While temperature trends are consistent across the region, trends in precipitation are less homogeneous (Fig. 8). Typically, there is a negative correlation between MJJAS temperatures and annual and MJJAS precipitation (accounting for about 80% of the annual total) which is explained by a simple fact that the drier summers, dominated by anticyclonic weather, are also warmer ones. This correlation is best seen in the Karakol station record whereby the warm periods in the 1920s and 1940s were accompanied by strong negative anomalies in precipitation (Fig. 8 c). This counter-phase behavior characterized the current warming at the Tien Shan station until 1997. Annual precipitation has been declining at the Tien Shan station between the 1960s and 1990s (Fig. 8 a) at an average rate of 4.6 mm a-1. The linear trend explained 45% of total variance in the time series (significant at 0.01 confidence level).
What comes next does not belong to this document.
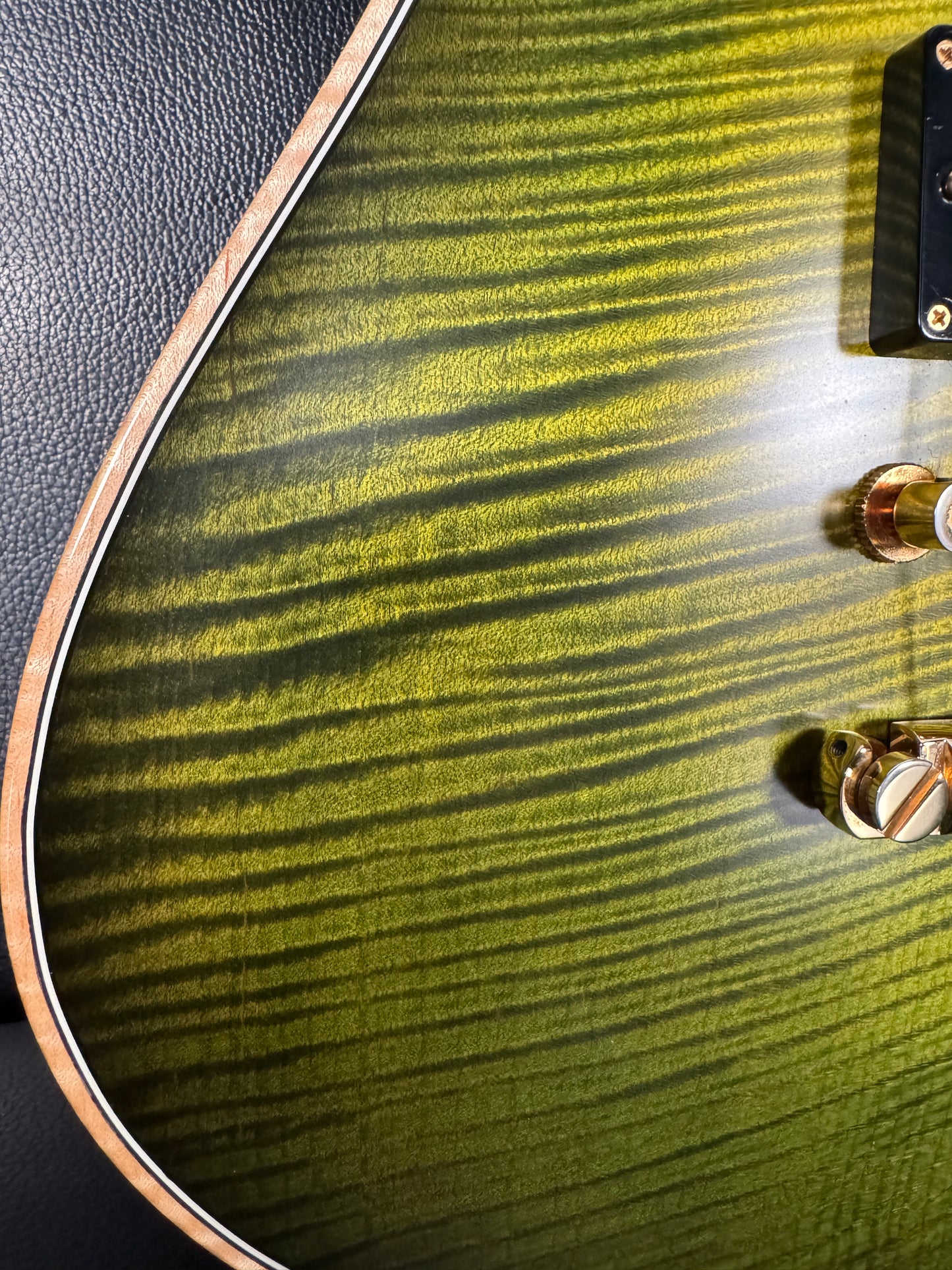 Knaggs Kenai Eric Steckel 2021 Rainforest Glow (PRE-OWNED)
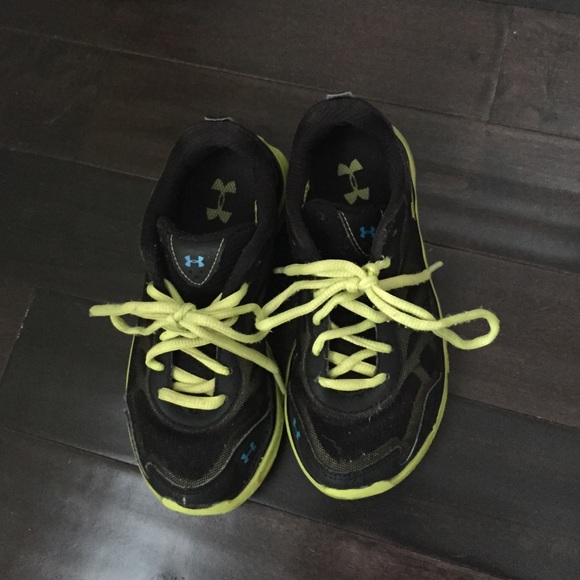 Boys Size 13 Under Armour Tennis Shoes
The lowest on record precipitation was observed in 1996 and 1997 (also the warmest year). There are no reliable post-1997 data for the Tien Shan station and due to the weak cross-station correlation in precipitation, precipitation measured elsewhere and cannot serve as a reliable indicator of change at the Tien Shan station. At the other stations, an increase in both MJJAS and annual precipitation accompanied the recent warming (Fig. 8), however, no significant long term trends have been observed in this and neighbouring regions (Aizen et al., 2007 a).
CONCLUSIONS
Glaciers in the eastern Terskey-Alatoo have been retreating since the end of the LIA and 19% of ice surface area has been lost between the LIA and 2003. The retreat has accelerated since the 1960s when 12.6% of glacier surface area had been lost by 2003. The wastage rates for smaller glaciers where even higher at 19% area loss between 1965 and 2003. The recent decades have been characterized by a strong warming during the melt season and by negative precipitation anomalies in the 1990-1997 period providing an obvious link between climatic variations and glacier shrinkage. Although glacier retreat in the inner Tien Shan has been less rapid than in the western parts of the Eurasian continent, e.g. in the Alps (Paul et al., 2007) and in the Caucausus (Stokes et al., 2006) or even in the northern Tien Shan (Bolch, 2007), it has already affected regional hydrology through the formation of proglacial lakes which intensify glacier wastage further and present a potential hazard to local communities. Should the trends in glacier retreat continue with glaciers losing about 0.3% of their area per year as in 1990-2003, about 30% of glaciated area in Terskey-Alatoo will be lost by the end of the 21st century. Projections of future runoff based on doubling of CO2 and a 50% reduction in glaciation in Tien Shan (Hagg et al., 2007) suggest higher risks of floods in summer turning into a runoff deficiency after a higher degree of deglaciation is reached. Assessment of changes in the volume of ice presents another way of evaluation of potential impacts of glacier wastage on water resources. The historical maps and aerial photographs used in this study can be used for this purpose in combination with DEM derived from high-resolution contemporary satellite imagery. This presents a direction for further development of this research.

Acknowledgments
This research has been funded by the EU INTAS YS Fellowship programme, grant No.06-1000014-5742. We thank Dr. V. Mikhalenko, Dr. O Solomina, Dr. V. Kuzmichenok, Dr. T. Bolch, Dr. C.R. Stokes, and Dr. M. Dyurgerov for useful discussions. Dr. R. Usubaliev is thanked invaluable help with data collection in Kyrgyzstan. Aerial photographs and topographic maps have been obtained from the Institute of Geology of Kyrgyzstan National Academy of Sciences and from the Institute of Geography of Russian Academy of Sciences.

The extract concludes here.